[Short text fragments from websites]
══════════

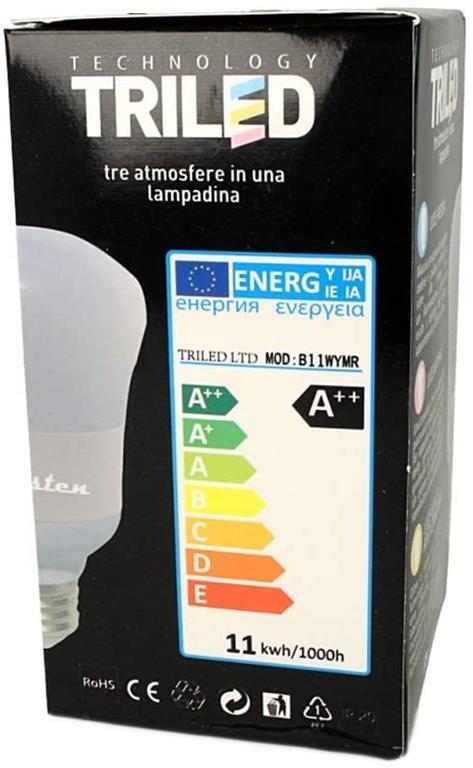 Lampada Led E27 Anti Zanzara Repellente 11W A70 AC110V 220V CCT 1800K 3800K  5800K 3 In 1 Triled B11WYMR - Baesten - Casa e Cucina | IBS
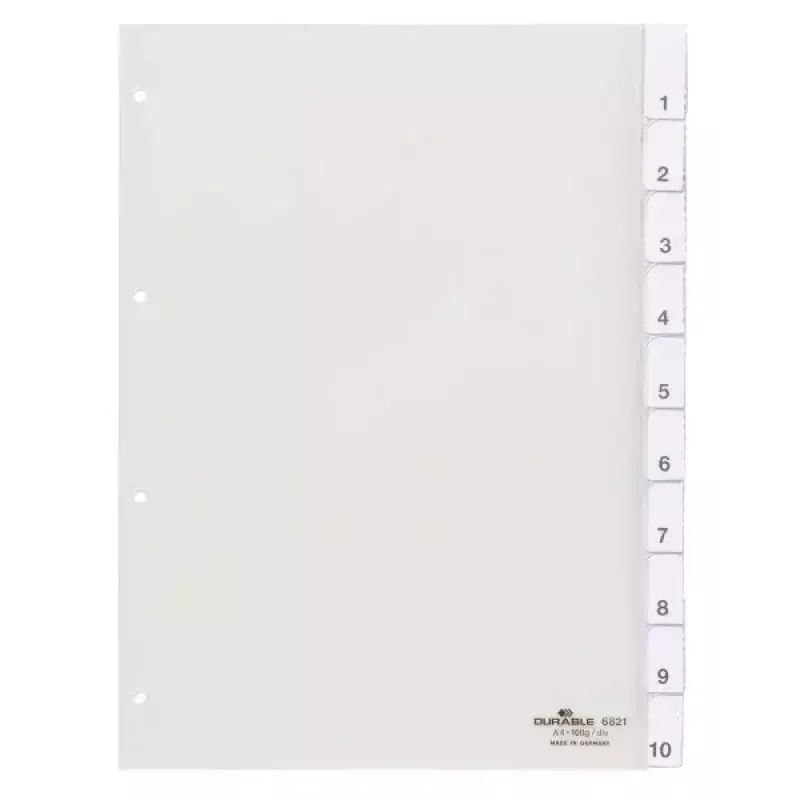 Durable 6821-19 skaitmeninis skirtukų indeksas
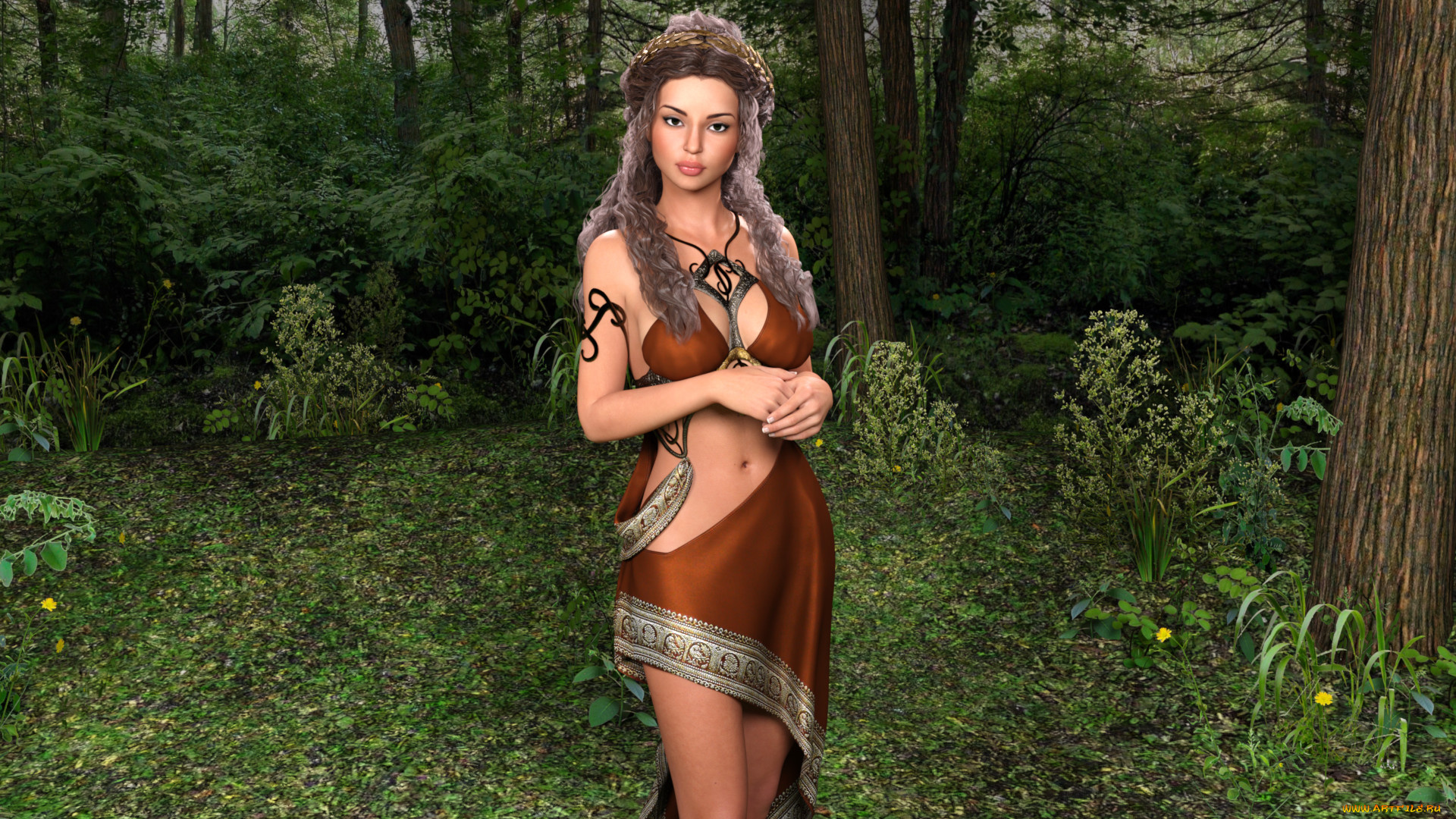 3д, графика, люди, , people, девушка, взгляд, фон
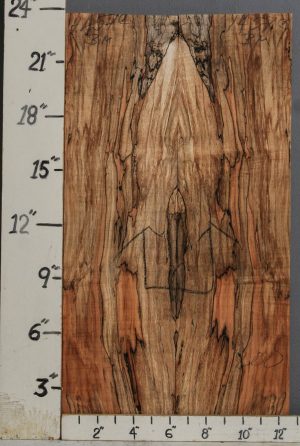 AAAAA SPALTED CURLY MAPLE MICRO LUMBER BOOKMATCH 12"1/2 X 23" X 3/8 (NWT-1457C)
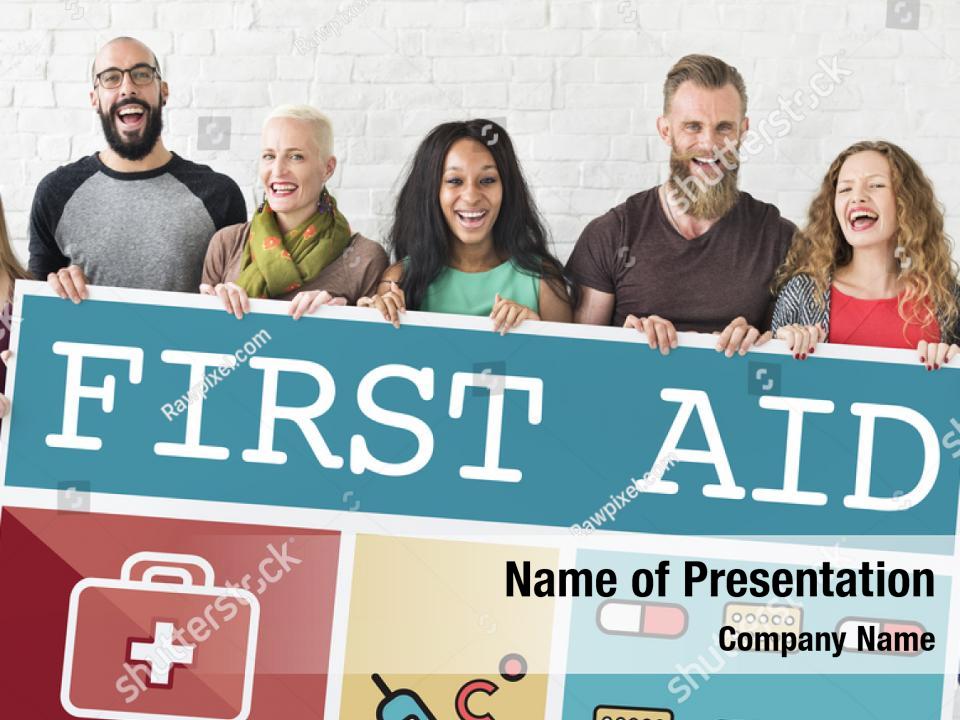 Togetherness first aid kit PowerPoint Template - Togetherness first aid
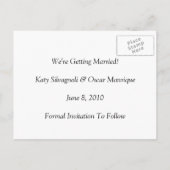 Save the Date Postkarte (Rückseite)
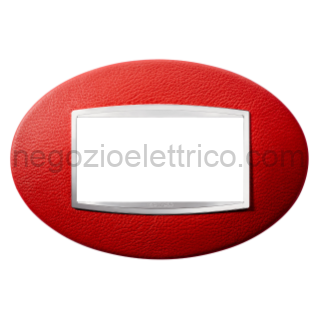 GEWGW16304PR PLACCA ART 4P PELLE RUBINO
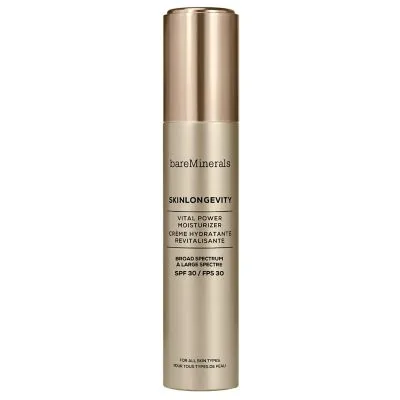 bareMinerals SkinLongevity Vital Power Moisturizer SPF 30 jar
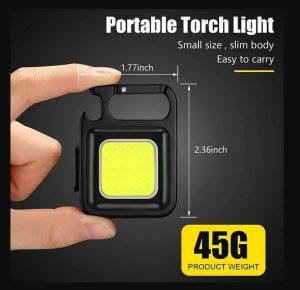 COB Rechargeable Mini LED Multifunction Keychain Flashlight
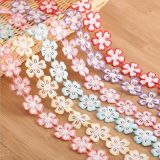 Wholesale 3cm Colorful Flower Lace for Decorations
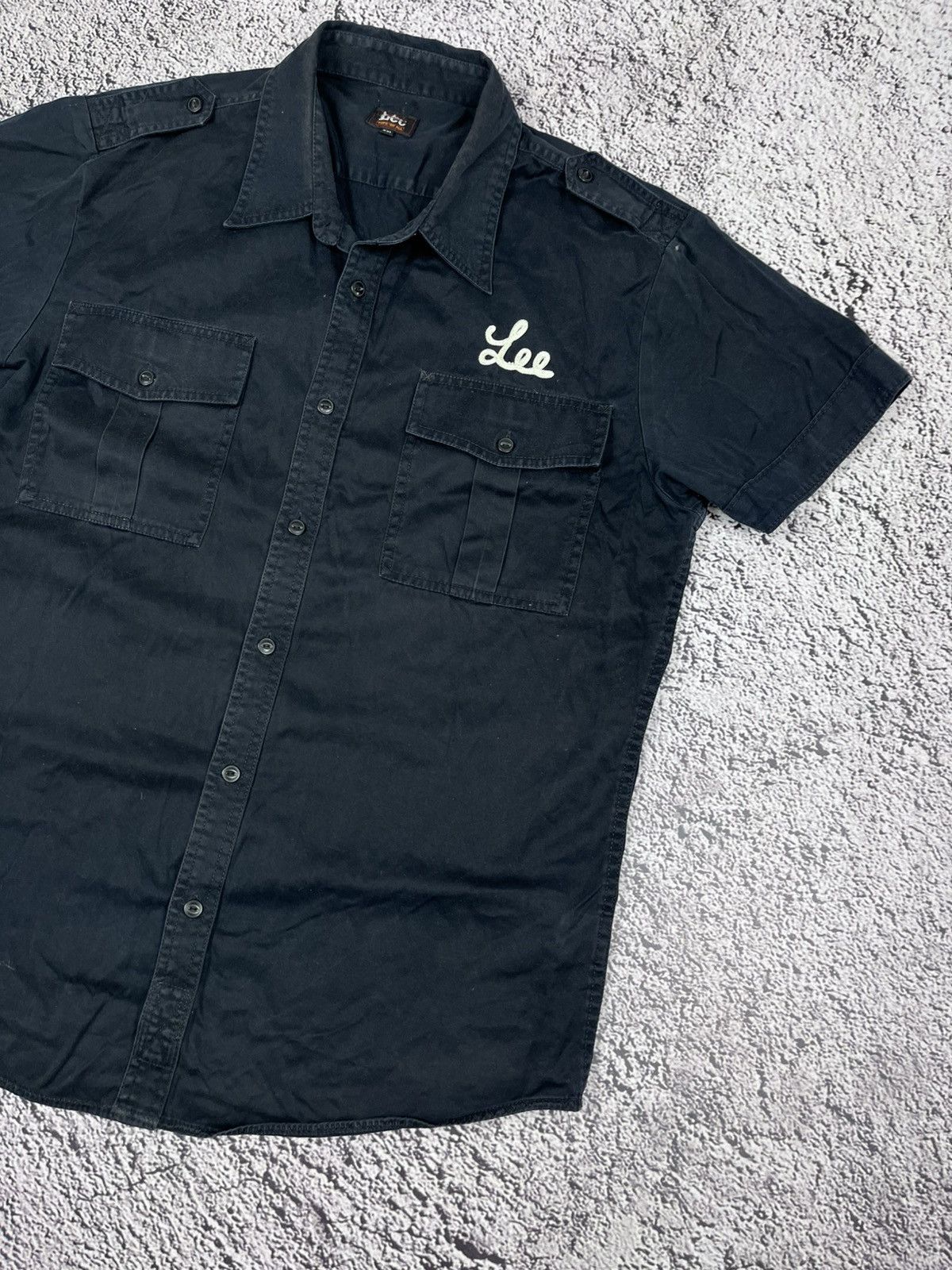 Lee Vintage 90s Lee Faded Kansas City Missouri Logo Faded Shirt Size US XL / EU 56 / 4 - 4 Thumbnail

══════════

> Task directions
Transcribe each record exactly as it stands, setting aside any pictures.

> Result of the task
 Lampada Led E27 Anti Zanzara Repellente 11W A70 AC110V 220V CCT 1800K 3800K  5800K 3 In 1 Triled B11WYMR - Baesten - Casa e Cucina | IBS
 Durable 6821-19 skaitmeninis skirtukų indeksas
 3д, графика, люди, , people, девушка, взгляд, фон
 AAAAA SPALTED CURLY MAPLE MICRO LUMBER BOOKMATCH 12"1/2 X 23" X 3/8 (NWT-1457C)
 Togetherness first aid kit PowerPoint Template - Togetherness first aid
 Save the Date Postkarte (Rückseite)
 GEWGW16304PR PLACCA ART 4P PELLE RUBINO
 bareMinerals SkinLongevity Vital Power Moisturizer SPF 30 jar
 COB Rechargeable Mini LED Multifunction Keychain Flashlight
 Wholesale 3cm Colorful Flower Lace for Decorations
 Lee Vintage 90s Lee Faded Kansas City Missouri Logo Faded Shirt Size US XL / EU 56 / 4 - 4 Thumbnail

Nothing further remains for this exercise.